Have you ever felt the burn when you lost all the data on your mobile phone – all the contacts, pictures, videos, songs, documents, everything – because you were trying to reset the settings and accidentally ended up erasing all the data, without having the data backed up/saved somewhere else. Maybe not, but how about those times when you are working on your notebook and the hard drive crashed. And in an attempt to retrieve your data, you got access to only partial data, after many hours wasted in trying to get it back.
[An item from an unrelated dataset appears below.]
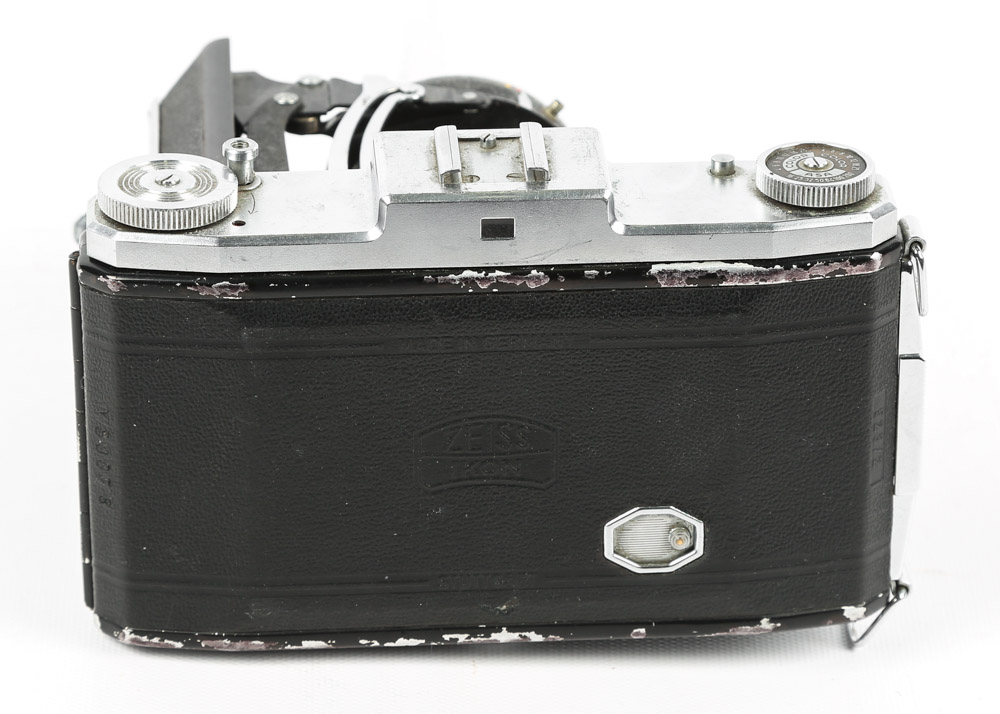 Vintage Zeiss and Kodak Cameras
Tough, isn’t it? If it is that tough for an individual, I wonder how difficult it would be for an organization to deal with loss of data. Imagine the scenario for a telco, when it cannot let its customers pay their phone bills or recharge their phones online because of infrastructural difficulties. Or for an online e-commerce site, when it cannot let its customers access the site because of an outage, which might ultimately translate into lost customers and business. Or for a healthcare giant, when, despite having presence in multiple locations, services to customers cannot be offered because of an outage, rendering customer records, files, and test results unavailable, for a stipulated time.
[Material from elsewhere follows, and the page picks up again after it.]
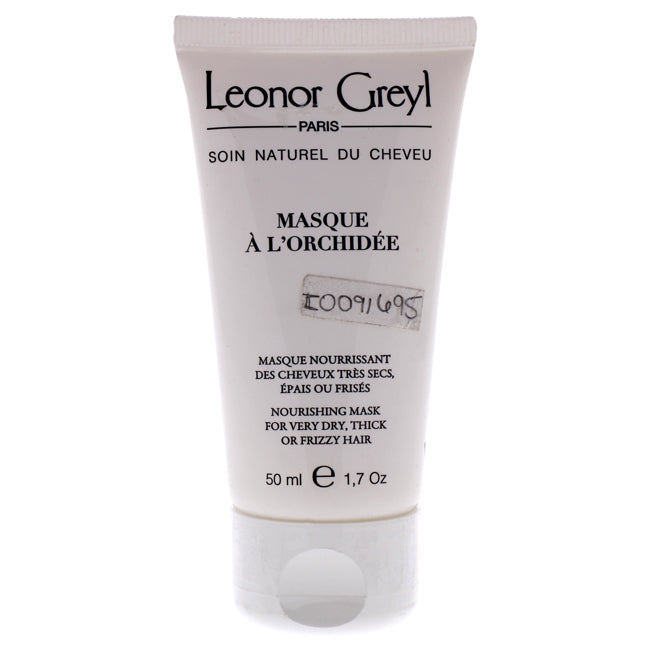 Leonor Greyl Masque A LOrchidee Nourishing by Leonor Greyl for Unisex - 1.7 oz Masque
The fact is, we live in a world where we depend on technology in many different ways. Though this makes our lives easier in many areas, it has a flip side too, especially in our working environment. Whether for an individual or an organization, technology is the medium that connects us to others, customers included. In the event of any kind of outage, be it due to human error or natural disaster, hardware or software malfunction, bandwidth issues or resource contention, database/application or website glitch; the result is the same – major inconvenience followed by further preventive measures that need to be taken in order to prevent financial loss of any sort.
No wonder they say: those who live the disaster management way, live to work another day.
Even with the best of intentions we may not be able to prevent a disaster
However, realistically speaking, we can effectively only control the aftermath of a disaster (of any proportion) by having a suitable disaster management solution in place. With the right disaster recovery solution, you can have your IT infrastructure back up and running with zero or minimal data loss, guaranteeing your users access to the data they need.
DR Solution options are primarily classified according to factors that are more pronounced in one solution when compared to another. However most DR set ups are based on either/or/both of the following solutions:
- Data Replication: In this case data sets are copied from one source to another. These copies are based on real-time transfer of data hence data recovery is also instant (as designed) in the event of a disaster.
- Back-up and Archiving: In this case data sets are either copied or archived at a secondary source, so that they can be retrieved later in the event of a disaster. Since data transfer does not take place in real-time mode, there could be latency involved in the recovery of data.
Needless to say, both replication and back-up have their own advantages and cost implications and are more suitable in respective use cases. Data replication does not replace a backup and vice versa. For example, if you have corrupted or manipulated data on the primary site it will be promoted to the secondary site also. In such a scenario, a backup can give you different versions of data going back in time, before the corruption took place. But, there might be latency involved in the retrieval of this data, which might not help if your applications are mission critical. Hence, ideally a combination of both data replication and backup methods are suggested for disaster recovery.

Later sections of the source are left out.